Caption-style text data
----
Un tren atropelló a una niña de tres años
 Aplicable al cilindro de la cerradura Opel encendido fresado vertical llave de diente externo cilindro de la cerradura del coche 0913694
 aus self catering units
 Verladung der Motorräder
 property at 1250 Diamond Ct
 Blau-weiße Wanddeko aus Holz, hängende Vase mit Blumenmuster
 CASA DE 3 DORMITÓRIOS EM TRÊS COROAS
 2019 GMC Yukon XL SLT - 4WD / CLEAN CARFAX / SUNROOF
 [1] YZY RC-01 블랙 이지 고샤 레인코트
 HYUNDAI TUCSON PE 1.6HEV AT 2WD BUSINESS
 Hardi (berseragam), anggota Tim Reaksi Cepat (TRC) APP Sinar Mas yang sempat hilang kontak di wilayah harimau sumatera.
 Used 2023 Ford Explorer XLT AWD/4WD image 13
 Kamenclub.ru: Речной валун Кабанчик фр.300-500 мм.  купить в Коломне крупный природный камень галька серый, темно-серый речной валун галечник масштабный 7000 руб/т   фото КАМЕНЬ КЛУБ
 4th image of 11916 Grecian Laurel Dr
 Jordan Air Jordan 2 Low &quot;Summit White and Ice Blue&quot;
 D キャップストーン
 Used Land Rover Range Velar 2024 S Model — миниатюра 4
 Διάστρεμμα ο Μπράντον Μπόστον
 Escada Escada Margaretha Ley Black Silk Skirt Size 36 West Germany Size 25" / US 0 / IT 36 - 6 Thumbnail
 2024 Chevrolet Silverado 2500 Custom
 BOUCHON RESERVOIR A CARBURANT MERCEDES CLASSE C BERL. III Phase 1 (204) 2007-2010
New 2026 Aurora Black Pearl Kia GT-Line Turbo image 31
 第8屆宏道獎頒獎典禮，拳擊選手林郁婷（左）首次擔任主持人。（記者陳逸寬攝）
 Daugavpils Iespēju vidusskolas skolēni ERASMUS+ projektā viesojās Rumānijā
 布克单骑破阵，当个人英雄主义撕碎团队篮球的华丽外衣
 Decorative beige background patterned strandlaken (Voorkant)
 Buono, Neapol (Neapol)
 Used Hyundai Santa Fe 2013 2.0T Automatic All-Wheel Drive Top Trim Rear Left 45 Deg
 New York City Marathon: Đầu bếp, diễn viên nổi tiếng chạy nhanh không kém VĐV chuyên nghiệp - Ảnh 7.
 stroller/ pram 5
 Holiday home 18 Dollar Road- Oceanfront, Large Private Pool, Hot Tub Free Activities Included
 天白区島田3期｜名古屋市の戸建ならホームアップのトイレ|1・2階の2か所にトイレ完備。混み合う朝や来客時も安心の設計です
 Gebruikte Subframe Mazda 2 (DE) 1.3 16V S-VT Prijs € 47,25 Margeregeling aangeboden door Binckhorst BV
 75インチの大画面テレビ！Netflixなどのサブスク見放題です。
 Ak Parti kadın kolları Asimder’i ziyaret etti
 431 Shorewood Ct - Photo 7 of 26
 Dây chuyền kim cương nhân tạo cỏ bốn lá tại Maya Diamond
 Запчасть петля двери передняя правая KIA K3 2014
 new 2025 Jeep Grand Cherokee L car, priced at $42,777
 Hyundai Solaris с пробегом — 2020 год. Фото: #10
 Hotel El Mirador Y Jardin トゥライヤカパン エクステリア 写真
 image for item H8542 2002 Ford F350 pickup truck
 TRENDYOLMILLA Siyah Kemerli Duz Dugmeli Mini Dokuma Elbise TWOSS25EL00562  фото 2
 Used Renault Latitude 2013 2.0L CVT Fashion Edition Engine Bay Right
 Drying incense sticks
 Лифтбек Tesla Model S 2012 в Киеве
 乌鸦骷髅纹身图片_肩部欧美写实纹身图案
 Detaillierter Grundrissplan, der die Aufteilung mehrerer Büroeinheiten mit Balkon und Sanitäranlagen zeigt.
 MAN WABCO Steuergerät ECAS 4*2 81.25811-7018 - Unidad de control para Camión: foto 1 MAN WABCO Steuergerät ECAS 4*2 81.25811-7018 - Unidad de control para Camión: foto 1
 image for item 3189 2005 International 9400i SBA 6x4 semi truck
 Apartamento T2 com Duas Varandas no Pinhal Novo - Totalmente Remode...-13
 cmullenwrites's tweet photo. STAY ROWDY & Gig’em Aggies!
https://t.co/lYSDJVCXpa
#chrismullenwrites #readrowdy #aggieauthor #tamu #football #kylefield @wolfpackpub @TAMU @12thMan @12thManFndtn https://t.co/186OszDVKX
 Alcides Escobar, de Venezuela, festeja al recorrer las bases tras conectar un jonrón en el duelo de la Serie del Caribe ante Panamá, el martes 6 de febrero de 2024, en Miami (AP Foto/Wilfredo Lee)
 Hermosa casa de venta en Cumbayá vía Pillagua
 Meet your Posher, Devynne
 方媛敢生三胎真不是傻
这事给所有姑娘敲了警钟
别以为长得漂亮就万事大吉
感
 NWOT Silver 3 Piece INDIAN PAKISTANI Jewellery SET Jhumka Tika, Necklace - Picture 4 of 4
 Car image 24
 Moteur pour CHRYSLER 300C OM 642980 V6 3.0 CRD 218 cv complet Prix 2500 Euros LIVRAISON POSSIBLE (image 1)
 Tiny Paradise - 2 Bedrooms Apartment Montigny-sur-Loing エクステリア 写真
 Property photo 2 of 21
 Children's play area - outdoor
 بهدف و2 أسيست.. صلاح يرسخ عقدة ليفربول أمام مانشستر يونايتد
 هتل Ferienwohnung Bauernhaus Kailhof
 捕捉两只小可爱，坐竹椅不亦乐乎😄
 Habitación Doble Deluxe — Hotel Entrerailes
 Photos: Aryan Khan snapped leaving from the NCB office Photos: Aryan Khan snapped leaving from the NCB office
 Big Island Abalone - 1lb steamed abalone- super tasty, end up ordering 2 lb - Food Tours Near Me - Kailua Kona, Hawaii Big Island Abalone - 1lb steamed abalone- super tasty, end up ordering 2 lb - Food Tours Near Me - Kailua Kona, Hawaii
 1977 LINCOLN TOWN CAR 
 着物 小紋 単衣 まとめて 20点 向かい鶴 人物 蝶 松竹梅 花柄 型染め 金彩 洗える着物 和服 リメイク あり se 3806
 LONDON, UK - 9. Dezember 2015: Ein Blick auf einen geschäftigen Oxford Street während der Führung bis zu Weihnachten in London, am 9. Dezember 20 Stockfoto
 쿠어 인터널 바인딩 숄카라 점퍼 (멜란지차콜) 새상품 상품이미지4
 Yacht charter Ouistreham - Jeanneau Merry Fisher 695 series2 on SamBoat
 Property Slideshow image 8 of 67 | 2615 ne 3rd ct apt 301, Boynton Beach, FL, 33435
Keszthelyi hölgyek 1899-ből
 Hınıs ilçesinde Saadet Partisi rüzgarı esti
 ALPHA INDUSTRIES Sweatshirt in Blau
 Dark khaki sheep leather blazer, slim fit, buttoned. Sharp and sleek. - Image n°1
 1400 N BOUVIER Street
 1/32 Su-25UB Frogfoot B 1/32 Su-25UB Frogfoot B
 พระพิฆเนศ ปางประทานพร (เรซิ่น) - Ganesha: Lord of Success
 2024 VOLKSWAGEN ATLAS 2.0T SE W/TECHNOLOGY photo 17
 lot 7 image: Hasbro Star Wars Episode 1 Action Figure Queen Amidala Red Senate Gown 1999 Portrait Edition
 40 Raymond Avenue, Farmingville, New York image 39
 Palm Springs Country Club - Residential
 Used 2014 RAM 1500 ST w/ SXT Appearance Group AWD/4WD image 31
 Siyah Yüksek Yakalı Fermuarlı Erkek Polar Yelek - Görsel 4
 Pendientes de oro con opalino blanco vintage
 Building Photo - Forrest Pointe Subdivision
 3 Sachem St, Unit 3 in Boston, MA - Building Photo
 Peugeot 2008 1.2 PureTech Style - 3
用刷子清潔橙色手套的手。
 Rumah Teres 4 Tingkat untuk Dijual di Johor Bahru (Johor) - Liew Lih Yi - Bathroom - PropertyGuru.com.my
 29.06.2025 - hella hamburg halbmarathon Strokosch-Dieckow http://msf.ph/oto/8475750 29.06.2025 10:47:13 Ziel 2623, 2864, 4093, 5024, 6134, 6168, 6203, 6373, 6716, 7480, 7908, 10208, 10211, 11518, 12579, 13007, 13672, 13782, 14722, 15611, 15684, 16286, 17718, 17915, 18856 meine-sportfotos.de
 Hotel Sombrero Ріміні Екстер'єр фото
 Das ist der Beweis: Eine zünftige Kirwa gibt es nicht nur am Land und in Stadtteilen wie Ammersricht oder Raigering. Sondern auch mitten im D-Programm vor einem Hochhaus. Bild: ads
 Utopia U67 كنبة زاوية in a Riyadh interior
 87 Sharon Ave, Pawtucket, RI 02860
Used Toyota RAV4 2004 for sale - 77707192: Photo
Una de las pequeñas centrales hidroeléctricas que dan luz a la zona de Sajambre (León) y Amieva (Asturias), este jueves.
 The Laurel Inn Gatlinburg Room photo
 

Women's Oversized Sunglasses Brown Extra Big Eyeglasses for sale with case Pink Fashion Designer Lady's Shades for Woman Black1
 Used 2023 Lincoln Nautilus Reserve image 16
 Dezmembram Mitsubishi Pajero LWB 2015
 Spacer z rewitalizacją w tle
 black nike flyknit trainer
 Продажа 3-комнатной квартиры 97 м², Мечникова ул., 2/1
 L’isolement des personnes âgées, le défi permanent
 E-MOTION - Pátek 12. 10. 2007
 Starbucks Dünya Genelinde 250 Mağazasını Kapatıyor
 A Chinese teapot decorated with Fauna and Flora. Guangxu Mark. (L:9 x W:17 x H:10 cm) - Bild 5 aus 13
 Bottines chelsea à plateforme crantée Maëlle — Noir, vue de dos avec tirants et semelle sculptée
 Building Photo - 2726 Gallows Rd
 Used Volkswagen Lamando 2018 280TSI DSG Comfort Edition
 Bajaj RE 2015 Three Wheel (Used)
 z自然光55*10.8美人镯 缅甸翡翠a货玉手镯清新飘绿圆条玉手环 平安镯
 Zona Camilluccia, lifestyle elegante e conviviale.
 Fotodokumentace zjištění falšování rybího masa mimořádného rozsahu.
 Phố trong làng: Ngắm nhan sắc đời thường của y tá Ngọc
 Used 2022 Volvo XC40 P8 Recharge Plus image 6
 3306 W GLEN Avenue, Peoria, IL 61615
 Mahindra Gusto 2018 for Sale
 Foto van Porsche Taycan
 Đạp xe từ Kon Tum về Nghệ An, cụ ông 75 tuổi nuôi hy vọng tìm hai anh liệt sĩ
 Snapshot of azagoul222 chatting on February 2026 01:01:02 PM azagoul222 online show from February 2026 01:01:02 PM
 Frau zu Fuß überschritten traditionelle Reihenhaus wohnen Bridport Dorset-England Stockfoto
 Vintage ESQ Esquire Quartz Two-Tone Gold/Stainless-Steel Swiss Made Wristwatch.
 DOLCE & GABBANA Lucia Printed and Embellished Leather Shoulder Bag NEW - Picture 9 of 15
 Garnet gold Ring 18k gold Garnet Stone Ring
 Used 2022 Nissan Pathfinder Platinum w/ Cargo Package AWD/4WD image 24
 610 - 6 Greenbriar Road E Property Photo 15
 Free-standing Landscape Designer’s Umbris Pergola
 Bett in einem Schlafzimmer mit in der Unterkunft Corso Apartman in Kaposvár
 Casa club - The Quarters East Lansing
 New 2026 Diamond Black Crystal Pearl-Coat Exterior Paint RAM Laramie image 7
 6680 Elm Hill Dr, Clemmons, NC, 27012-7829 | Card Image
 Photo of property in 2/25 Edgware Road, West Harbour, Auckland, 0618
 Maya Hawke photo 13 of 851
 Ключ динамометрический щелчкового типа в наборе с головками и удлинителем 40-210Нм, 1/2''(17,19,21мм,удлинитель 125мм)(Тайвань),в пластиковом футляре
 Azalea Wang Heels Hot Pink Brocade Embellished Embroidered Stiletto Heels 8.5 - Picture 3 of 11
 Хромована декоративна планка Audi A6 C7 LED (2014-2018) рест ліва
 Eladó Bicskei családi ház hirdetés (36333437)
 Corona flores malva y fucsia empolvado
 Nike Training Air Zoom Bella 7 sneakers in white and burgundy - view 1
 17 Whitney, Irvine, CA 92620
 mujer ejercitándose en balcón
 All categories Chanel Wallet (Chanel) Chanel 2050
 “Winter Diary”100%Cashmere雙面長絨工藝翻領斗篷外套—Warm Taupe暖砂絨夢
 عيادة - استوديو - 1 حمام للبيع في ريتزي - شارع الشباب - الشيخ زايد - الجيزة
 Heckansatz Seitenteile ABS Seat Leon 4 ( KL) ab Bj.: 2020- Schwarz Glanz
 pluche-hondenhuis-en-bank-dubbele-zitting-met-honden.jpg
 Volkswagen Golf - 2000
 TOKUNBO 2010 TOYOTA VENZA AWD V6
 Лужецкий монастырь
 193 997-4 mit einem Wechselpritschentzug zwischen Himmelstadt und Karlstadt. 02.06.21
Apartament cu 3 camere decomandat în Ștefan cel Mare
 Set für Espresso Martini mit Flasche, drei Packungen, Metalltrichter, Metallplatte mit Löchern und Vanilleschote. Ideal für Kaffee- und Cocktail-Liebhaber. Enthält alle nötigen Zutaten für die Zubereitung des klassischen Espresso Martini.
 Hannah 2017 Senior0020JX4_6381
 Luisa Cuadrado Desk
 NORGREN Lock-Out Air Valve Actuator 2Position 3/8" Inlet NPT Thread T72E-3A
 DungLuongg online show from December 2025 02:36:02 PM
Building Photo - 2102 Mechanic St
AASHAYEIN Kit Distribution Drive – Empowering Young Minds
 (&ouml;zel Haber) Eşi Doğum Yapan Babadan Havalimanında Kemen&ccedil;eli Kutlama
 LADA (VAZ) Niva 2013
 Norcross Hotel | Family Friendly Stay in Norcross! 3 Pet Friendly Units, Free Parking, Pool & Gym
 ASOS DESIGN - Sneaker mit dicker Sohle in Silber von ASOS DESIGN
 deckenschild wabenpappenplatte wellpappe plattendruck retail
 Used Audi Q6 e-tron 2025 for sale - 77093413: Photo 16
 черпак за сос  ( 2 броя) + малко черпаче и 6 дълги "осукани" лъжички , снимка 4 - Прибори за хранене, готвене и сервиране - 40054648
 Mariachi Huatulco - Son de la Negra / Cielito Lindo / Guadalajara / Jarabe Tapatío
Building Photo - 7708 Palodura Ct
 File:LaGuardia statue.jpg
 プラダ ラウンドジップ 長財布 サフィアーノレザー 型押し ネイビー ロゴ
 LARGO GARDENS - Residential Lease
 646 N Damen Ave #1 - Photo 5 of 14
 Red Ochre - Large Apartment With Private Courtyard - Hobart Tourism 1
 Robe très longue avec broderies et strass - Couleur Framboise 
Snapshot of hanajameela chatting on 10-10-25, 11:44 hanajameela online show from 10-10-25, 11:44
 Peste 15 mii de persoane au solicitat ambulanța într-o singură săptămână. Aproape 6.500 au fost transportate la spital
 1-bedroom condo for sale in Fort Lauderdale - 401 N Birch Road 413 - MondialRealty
----
> _The problem_: Look back at the entries above. Retype the line with "Peugeot 2008 1.2 PureTech Style - 3", the line with "Building Photo - 2726 Gallows Rd", and all lines in between.

> _Completed task_:
 Peugeot 2008 1.2 PureTech Style - 3
用刷子清潔橙色手套的手。
 Rumah Teres 4 Tingkat untuk Dijual di Johor Bahru (Johor) - Liew Lih Yi - Bathroom - PropertyGuru.com.my
 29.06.2025 - hella hamburg halbmarathon Strokosch-Dieckow http://msf.ph/oto/8475750 29.06.2025 10:47:13 Ziel 2623, 2864, 4093, 5024, 6134, 6168, 6203, 6373, 6716, 7480, 7908, 10208, 10211, 11518, 12579, 13007, 13672, 13782, 14722, 15611, 15684, 16286, 17718, 17915, 18856 meine-sportfotos.de
 Hotel Sombrero Ріміні Екстер'єр фото
 Das ist der Beweis: Eine zünftige Kirwa gibt es nicht nur am Land und in Stadtteilen wie Ammersricht oder Raigering. Sondern auch mitten im D-Programm vor einem Hochhaus. Bild: ads
 Utopia U67 كنبة زاوية in a Riyadh interior
 87 Sharon Ave, Pawtucket, RI 02860
Used Toyota RAV4 2004 for sale - 77707192: Photo
Una de las pequeñas centrales hidroeléctricas que dan luz a la zona de Sajambre (León) y Amieva (Asturias), este jueves.
 The Laurel Inn Gatlinburg Room photo
 

Women's Oversized Sunglasses Brown Extra Big Eyeglasses for sale with case Pink Fashion Designer Lady's Shades for Woman Black1
 Used 2023 Lincoln Nautilus Reserve image 16
 Dezmembram Mitsubishi Pajero LWB 2015
 Spacer z rewitalizacją w tle
 black nike flyknit trainer
 Продажа 3-комнатной квартиры 97 м², Мечникова ул., 2/1
 L’isolement des personnes âgées, le défi permanent
 E-MOTION - Pátek 12. 10. 2007
 Starbucks Dünya Genelinde 250 Mağazasını Kapatıyor
 A Chinese teapot decorated with Fauna and Flora. Guangxu Mark. (L:9 x W:17 x H:10 cm) - Bild 5 aus 13
 Bottines chelsea à plateforme crantée Maëlle — Noir, vue de dos avec tirants et semelle sculptée
 Building Photo - 2726 Gallows Rd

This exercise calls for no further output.